A rather different approach I would investigate is using drbd to share the leases file between the two machines and using heartbeat to create an active/passive setup. It is probably just as much work as setting up dhcp failover, but it is a lot easier to troubleshoot afterwards. Also, you can use a single configuration file, which means you don't have to configure all static leases twice. I never tried building such a setup myself, but I know some appliance vendors use a similar setup with great success.
Which setup is the best depends on your needs but personally i would prefer the third option because your DHCP will keep functioning just as it does now. DHCP failover is too complex and quite fragile.
I think your concerns about security are valid. The best setup would be to have the servers in a different network segment than your clients and having a firewall inbetween. That way the firewall can block all traffic to the failover ports and can also detect and drop spoofed packets. All you'll have to do for DHCP is configure a dhcp relay agent on that firewall to forward DCHP requests to the two servers. A simple firewall costs just a couple hundred dollar, or you could build your own of course.
If you want to secure DHCP further check out the layer2 security features that exist in many managed switches. They can filter out quite a lot of bad traffic (rogue dhcp servers, spoofing,..).
[ Parent | Reply to this comment ]
[ Send Message | View dkg's Scratchpad | View Weblogs ]
It seems like another way to resolve the security concerns between the two servers would be to leave them on the LAN as is, throw a spare NIC in each machine, connect via a crossover cable, and configure a physically isolated LAN segment just between the two. Then you could presumably force failover to listen only on that link (if dhcpd isn't capable of being configured that way, you could limit like this with iptables).
As for the LAN-wide layer2 filtering, unfortunately the physical cabling and budget constraints i'm dealing with don't allow me to have the sort of managed switches that we'd need to do that. It would be nice, but it's unrealistic at this point. i'd also be unhappy about having to rely on the non-free firmware most fancy switches use to do such finicky operations. I feel OK expecting black boxes to do store-and-forward of ethernet frames and to maintain per-port MAC tables, but i start feeling nervous when i find myself relying on code that i can't maintain/audit/repair myself for more-advanced functionality. Is anyone making managed switches that run a free software distribution at a reachable price range? or does so much of the switching get done in firmware now that this is not possible?
I've been meaning to experiment with drbd and heartbeat for a while now anyway, so maybe this is the opportunity to try that out. Thanks for the suggestion!

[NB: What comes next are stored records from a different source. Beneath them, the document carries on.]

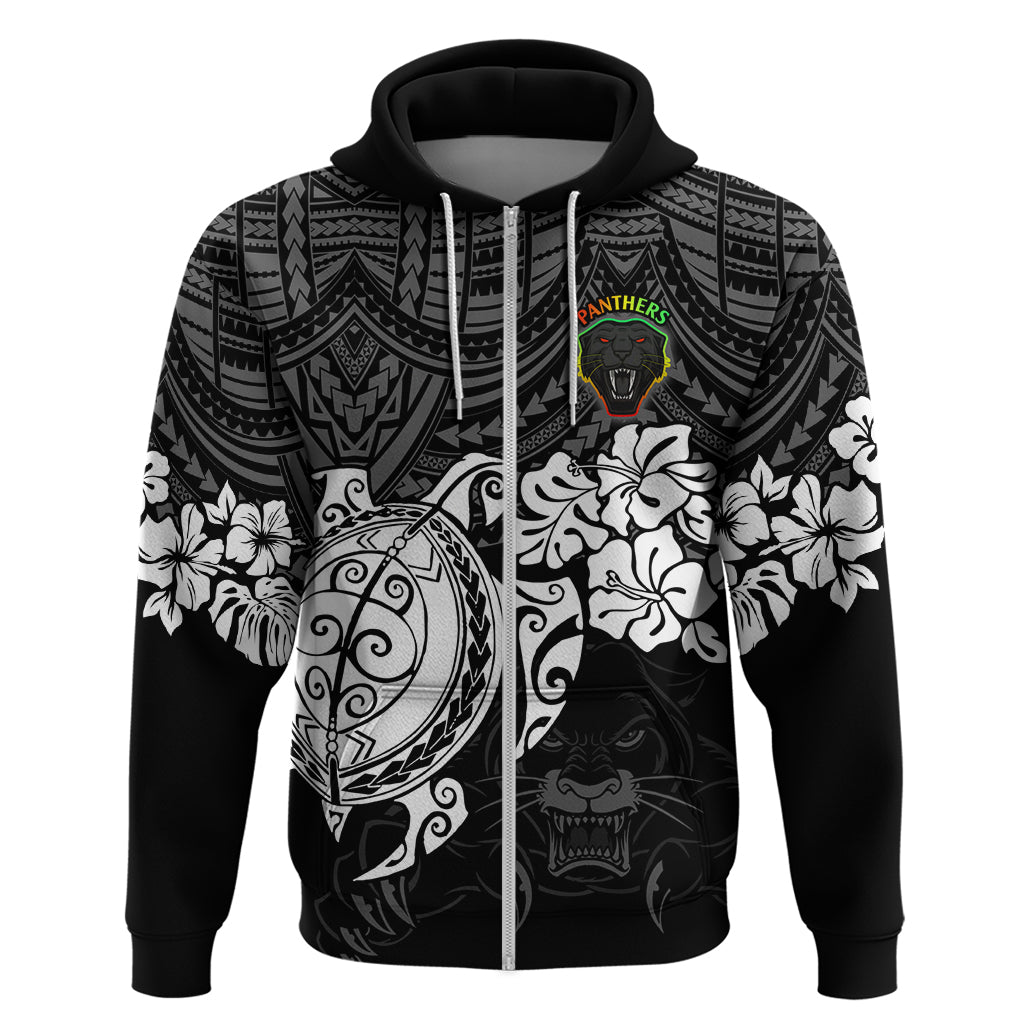 Custom Panthers Rugby Hoodie Penrith Hibiscus and Turtle With Polynesian Pattern LT9 - Vibe Hoodie Shop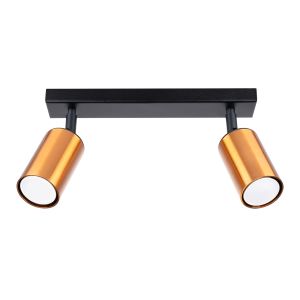 Lámpara de techo winx 2 negro/cobre acero 30x18.5x6cm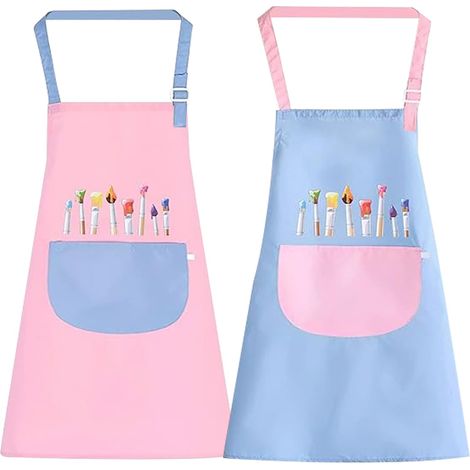 Tablier Enfant - Lot De 2 - Polyester Imperméable - Poche Et Bretelles Réglables - Peinture Cuisine École - Bleu Et Rose (1/5)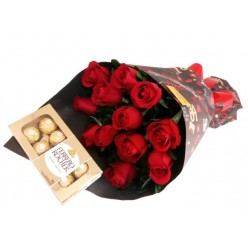 Amor com 12 Rosas + Ferrero Rocher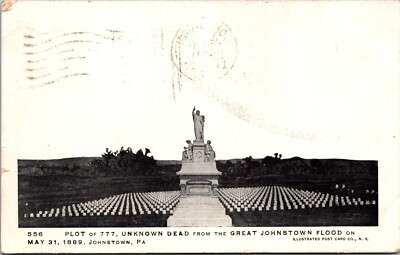 Johnstown Pa. Pennsylvania Plot of 777 Unknown Dead Cemetery Postcard c1908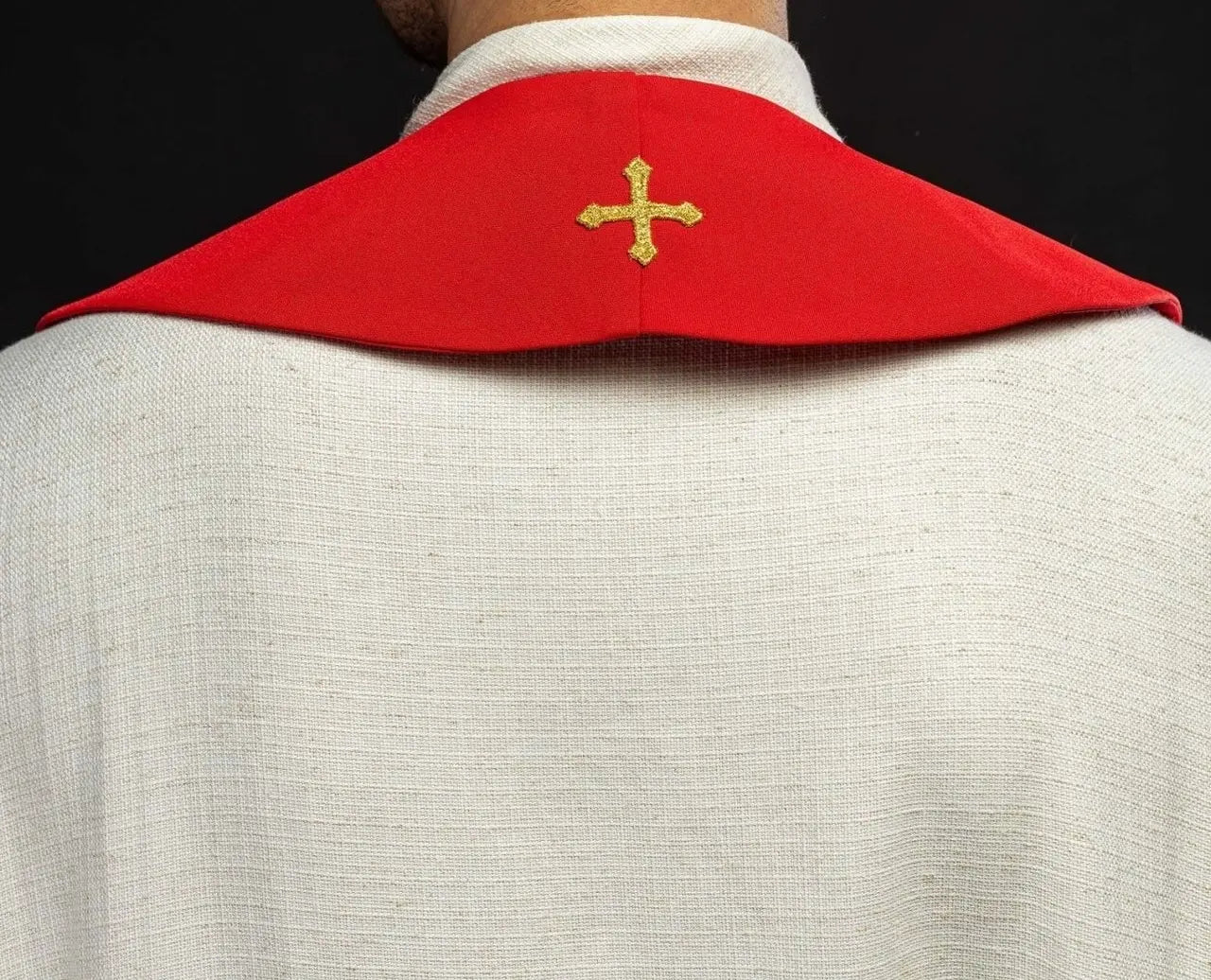 Embroidered stole Holy Spirit and Tongues of Fire Red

[ Parent | Reply to this comment ]
- Justin
[ Parent | Reply to this comment ]
Keepalived[1] is an open source vrrp (virtual router redundancy protocol)
daemon for linux that "just works TM". The configuration can go from very
simple to very complex.
For this case all you need to do is failover between a few hosts running dhcpd.
Here is the basic design using keepalived.
You have 2 nodes both with dhcpd and keepalived to service requests. We'll call
them dhcp1 and dhcp2. We'll have keepalived manage a virtual ip (vip) named dhcp.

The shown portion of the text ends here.